Premixed refractory mortar is messy - but remember, it's water soluble, so it cleans up easily with water. Don't waste time trying to be neat. Just plan on washing the firebox down when you're finished.
"I butter a thin layer of the refractory mortar on the firebrick I'm going to lay," says Buckley.
He uses a small square margin trowel because it fits in the bucket of mortar better than a pointed brick trowel. The firebrick is then laid with a minimal 1/16th inch joint and the excess mortar scraped off with the margin trowel.
After the firebox has been completed - remarkably in only about half an hour - Buckley adds refractory mortar to any voids, smearing mortar heedlessly on the faces of the firebrick and making a perfect mess. (He chooses a time when the owner is not watching.) Then he washes the firebox with clean water and a sponge and it looks beautiful.

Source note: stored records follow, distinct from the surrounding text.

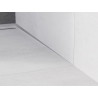 Mexen Line-B väggfast fallprofil 120 cm höger, inox - 181002120R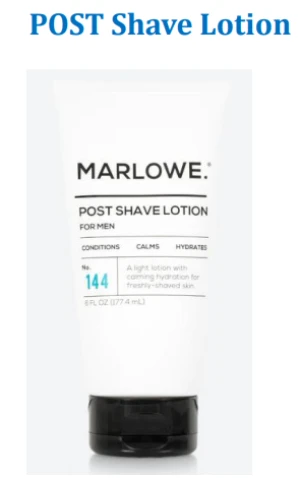 Shave Lotion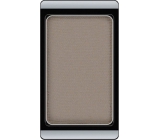 Artdeco Eye Shadow Matt matt eye shadow 520 Light Gray Mocha 0.8 g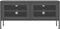 vidaXL - Tv-meubel - 105x35x50 - cm - staal - antracietkleurig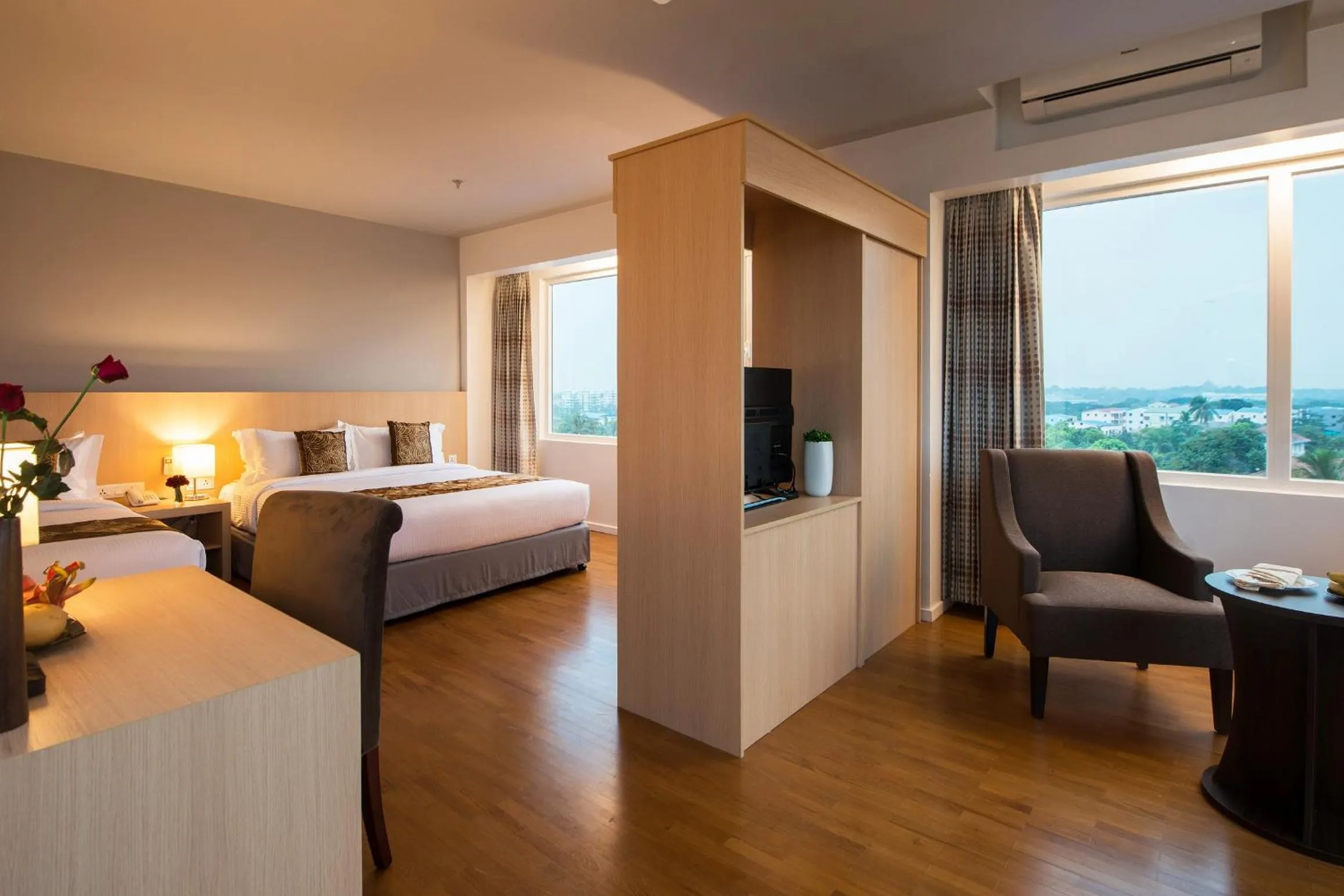 Bedroom in Wyne Hotel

* This is not surprising since the major building codes are unclear or inconsistent on the subject. NFPA 211 is the most strict, calling for "refractory mortar (ASTM C199, medium duty)" in Section 7-3.1.2. BOCA calls for "medium- duty fire-clay mortar in Section 2402.2. UBC, Section 3707 (c) just requires that the "joints in firebrick shall not exceed 1/4 inch." And CABO does not specify the type of mortar or size of joint to be used.

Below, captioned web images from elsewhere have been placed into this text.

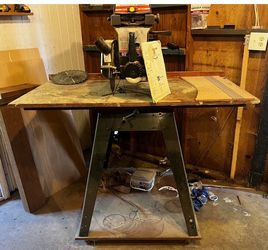 Sears craftsman 10” radial saw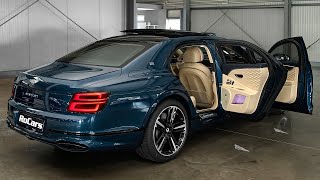 2020 Bentley Flying Spur W12  The King Sedan in Detail [upl. by Merow]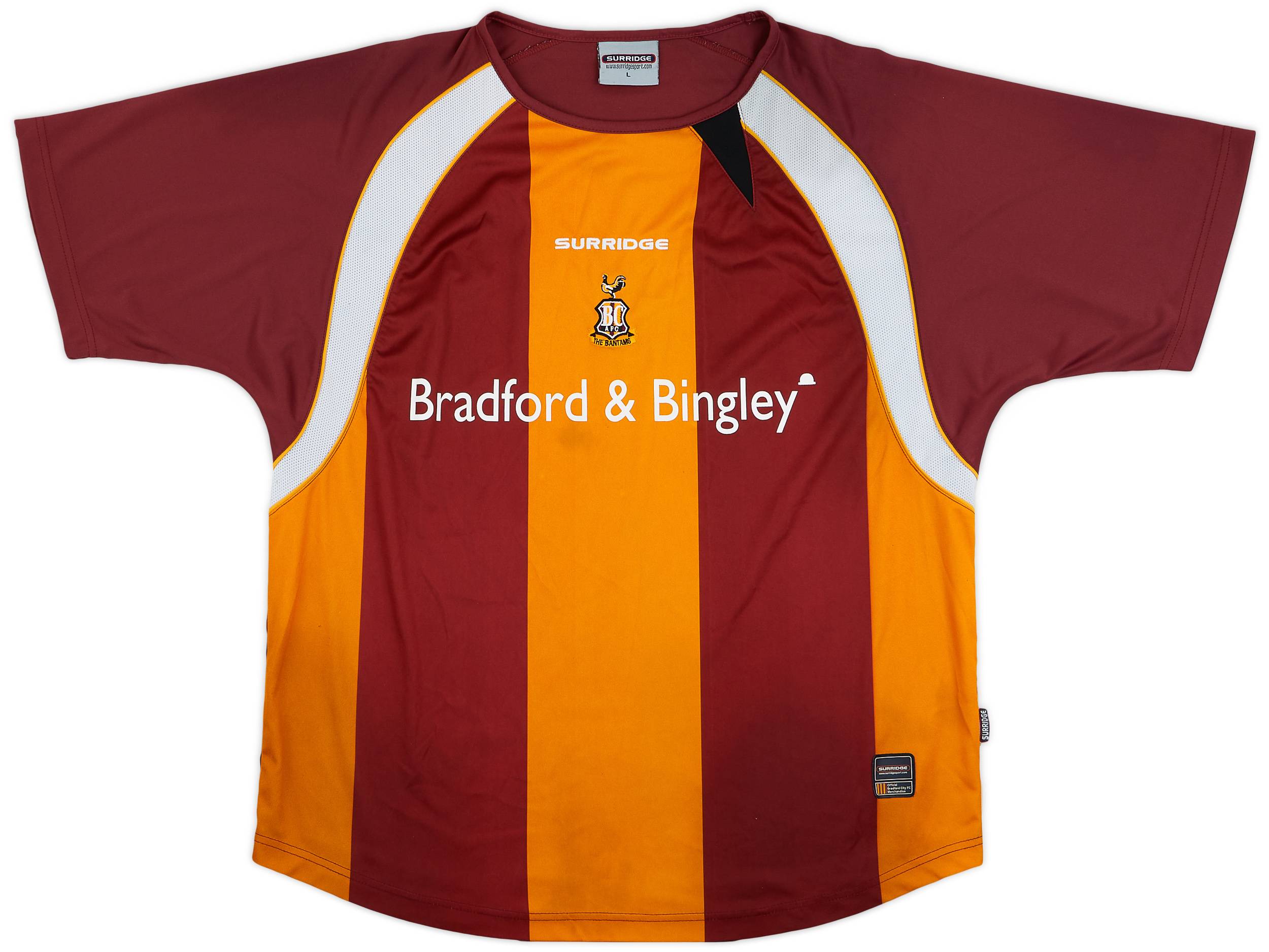 2006-07 Bradford Home Shirt - 9/10 - (L)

HeatStop II: This is Jim Buckley. In cold or damp conditions I've switched to using HeatStop II - the hydraulic refractory mortar that comes dry in pails or bags and is mixed with water just like regular mortar. The reason I've switched is that the premixed HeatStop sometimes causes efflorescence if it stays wet too long. The premixed is still my refractory mortar of choice in hot dry climates where the hydraulic mortar would dry out too fast and you'd have to keep the bricks wet, but I live in the Northwest after all. I must admit the Bob Rucker has always advocated the HeatStop II over the premix. The HeatStop II is also more versitile in that it is not water soluable and it can be used to set the throat, smoke chamber and flue as well as to lay the firebox.
Code update: Since the 1999 comment (above) about codes the ICC codes have been amended to require refractory mortar complying with ASTM C-199.